Toute autre que moi se fût peu souciée de cette menace; dès qu’on pouvait prouver que le traitement que je venais d’essuyer n’était l’ouvrage d’aucun tribunal, qu’avais-je à craindre? Mais ma faiblesse, ma candeur ordinaire, l’effroi de mes malheurs de Paris et du château de Bressac, tout m’étourdit, tout m’effraya et je ne pensai qu’à m’éloigner de ce fatal endroit dès que les douleurs que j’éprouvais seraient un peu calmées; comme ils avaient soigneusement pansé les plaies qu’ils avaient faites, elles le furent dès le lendemain matin, et après avoir passé sous un arbre une des plus affreuses nuits de ma vie, je me mis en marche dès que le jour parut. Les plaies de mes pieds m’empêchaient d’aller bien vite, mais pressée de m’éloigner des environs d’une forêt aussi funeste pour moi, je fis pourtant quatre lieues ce premier jour, le lendemain et le surlendemain autant, mais ne m’orientant point, ne demandant rien, je ne fis que tourner autour de Paris, et le quatrième jour de ma marche au soir, je ne me trouvai qu’à Lieusaint; sachant que cette route pouvait me conduire vers les provinces méridionales de la France, je résolus de la suivre, et de gagner comme je pourrais ces pays éloignés, m’imaginant que la paix et le repos si cruellement refusés pour moi dans ma patrie m’attendaient peut-être au bout du monde.

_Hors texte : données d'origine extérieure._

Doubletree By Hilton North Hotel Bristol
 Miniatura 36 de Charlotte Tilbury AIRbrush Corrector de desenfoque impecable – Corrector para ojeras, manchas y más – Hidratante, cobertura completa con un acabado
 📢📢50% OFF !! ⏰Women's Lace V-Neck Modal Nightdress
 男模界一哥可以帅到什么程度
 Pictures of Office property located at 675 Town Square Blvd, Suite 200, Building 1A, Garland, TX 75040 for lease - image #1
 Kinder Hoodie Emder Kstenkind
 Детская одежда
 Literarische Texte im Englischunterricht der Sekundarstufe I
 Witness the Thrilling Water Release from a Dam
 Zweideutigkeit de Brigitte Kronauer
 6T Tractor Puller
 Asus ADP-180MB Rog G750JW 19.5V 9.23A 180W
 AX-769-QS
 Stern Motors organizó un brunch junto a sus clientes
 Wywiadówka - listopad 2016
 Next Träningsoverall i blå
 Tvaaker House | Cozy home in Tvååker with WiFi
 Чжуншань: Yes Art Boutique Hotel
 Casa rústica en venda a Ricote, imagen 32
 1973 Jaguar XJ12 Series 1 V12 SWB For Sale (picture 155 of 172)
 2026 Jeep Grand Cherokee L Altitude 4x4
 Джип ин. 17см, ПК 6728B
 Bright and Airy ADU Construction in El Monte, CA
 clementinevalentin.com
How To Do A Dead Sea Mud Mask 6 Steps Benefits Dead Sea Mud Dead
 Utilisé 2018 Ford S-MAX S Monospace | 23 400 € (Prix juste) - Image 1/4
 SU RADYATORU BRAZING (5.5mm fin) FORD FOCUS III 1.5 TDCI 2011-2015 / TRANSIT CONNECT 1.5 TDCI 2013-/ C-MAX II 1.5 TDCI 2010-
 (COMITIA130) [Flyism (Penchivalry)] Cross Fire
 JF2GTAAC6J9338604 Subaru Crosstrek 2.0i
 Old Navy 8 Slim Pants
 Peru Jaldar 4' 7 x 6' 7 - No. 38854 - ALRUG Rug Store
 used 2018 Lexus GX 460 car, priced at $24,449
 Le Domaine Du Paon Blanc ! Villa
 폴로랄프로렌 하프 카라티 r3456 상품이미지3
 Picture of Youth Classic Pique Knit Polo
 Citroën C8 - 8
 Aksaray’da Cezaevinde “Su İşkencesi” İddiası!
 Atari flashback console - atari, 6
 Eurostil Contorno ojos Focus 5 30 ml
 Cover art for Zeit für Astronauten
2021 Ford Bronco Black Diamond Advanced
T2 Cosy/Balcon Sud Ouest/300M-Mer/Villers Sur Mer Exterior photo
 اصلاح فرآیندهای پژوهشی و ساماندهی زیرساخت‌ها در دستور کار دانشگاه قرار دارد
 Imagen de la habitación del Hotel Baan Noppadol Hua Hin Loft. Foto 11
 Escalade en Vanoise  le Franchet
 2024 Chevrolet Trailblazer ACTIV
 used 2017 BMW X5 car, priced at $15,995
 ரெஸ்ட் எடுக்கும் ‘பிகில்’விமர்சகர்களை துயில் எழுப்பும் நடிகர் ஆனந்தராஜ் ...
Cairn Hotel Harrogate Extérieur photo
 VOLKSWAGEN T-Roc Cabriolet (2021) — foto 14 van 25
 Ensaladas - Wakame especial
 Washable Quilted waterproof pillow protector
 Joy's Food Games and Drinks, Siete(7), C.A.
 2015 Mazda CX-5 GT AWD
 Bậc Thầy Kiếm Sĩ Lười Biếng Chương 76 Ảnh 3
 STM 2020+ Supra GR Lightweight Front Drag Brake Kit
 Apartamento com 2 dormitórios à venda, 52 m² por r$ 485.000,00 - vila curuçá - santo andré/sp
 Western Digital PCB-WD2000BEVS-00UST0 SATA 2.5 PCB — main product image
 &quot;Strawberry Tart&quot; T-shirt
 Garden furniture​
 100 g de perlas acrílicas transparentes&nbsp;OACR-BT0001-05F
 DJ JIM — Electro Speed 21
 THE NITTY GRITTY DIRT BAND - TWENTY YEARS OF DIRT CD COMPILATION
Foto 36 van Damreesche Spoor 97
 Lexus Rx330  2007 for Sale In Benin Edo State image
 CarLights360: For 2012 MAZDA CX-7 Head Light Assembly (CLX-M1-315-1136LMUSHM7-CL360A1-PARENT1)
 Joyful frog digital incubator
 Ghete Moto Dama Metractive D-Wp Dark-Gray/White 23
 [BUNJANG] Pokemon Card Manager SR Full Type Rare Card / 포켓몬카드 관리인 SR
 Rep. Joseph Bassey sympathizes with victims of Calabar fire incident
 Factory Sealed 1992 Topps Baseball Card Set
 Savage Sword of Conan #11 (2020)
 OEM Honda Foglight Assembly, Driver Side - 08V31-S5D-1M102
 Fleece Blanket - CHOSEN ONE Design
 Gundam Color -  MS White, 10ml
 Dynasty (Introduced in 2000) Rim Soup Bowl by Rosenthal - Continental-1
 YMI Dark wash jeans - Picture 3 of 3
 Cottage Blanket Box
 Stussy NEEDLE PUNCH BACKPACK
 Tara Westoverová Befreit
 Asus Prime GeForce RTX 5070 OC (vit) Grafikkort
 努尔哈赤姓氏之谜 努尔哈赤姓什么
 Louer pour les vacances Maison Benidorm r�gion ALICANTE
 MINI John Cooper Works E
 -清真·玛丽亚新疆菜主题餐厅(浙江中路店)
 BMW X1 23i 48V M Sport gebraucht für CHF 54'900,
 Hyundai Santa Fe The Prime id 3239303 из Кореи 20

Fatale erreur! et que de chagrins il me restait à éprouver encore! Ma fortune, bien plus médiocre chez Rodin que chez le marquis de Bressac, ne m’avait pas obligée à mettre une partie de mes fonds de côté; j’avais heureusement tout sur moi, c’est-à-dire environ dix louis, somme à quoi se montait et ce que j’avais sauvé de chez Bressac, et ce que j’avais gagné chez le chirurgien. Dans l’excès de mon malheur, je me trouvais encore heureuse de ce qu’on ne m’avait pas enlevé ces secours et je me flattai qu’ils me conduiraient au moins jusqu’à ce que je fusse en situation de pouvoir trouver quelque place. Les infamies qui m’avaient été faites ne paraissant point à découvert, j’imaginai pouvoir les déguiser toujours, et que leur flétrissure ne m’empêcherait pas de gagner ma vie; j’avais vingt-deux ans, une santé robuste quoique fluette et mince, une figure dont pour mon malheur on ne faisait que trop d’éloges, quelques vertus qui quoiqu’elles m’eussent toujours nui, me consolaient pourtant dans mon intérieur et me faisaient espérer qu’enfin la providence leur accorderait sinon quelques récompenses, au moins quelques suspensions aux maux qu’elles m’avaient attirés. Pleine d’espoir et de courage, je continuai ma route jusqu’à Sens; là mes pieds mal guéris me faisant souffrir des douleurs énormes, je résolus de me reposer quelques jours, mais n’osant confier à personne la cause de ce que je souffrais, et me rappelant les drogues dont j’avais vu faire usage à Rodin dans des blessures pareilles, j’en achetai et me soignai moi-même. Une semaine de repos me remit entièrement; peut-être eussé-je trouvé quelque place à Sens, mais pénétrée de la nécessité de m’éloigner, je ne voulus pas même en faire demande, je poursuivis ma route, avec le dessein de chercher fortune en Dauphiné; j’avais beaucoup entendu parler de ce pays dans mon enfance, je m’y figurai le bonheur; nous allons voir comme j’y réussis.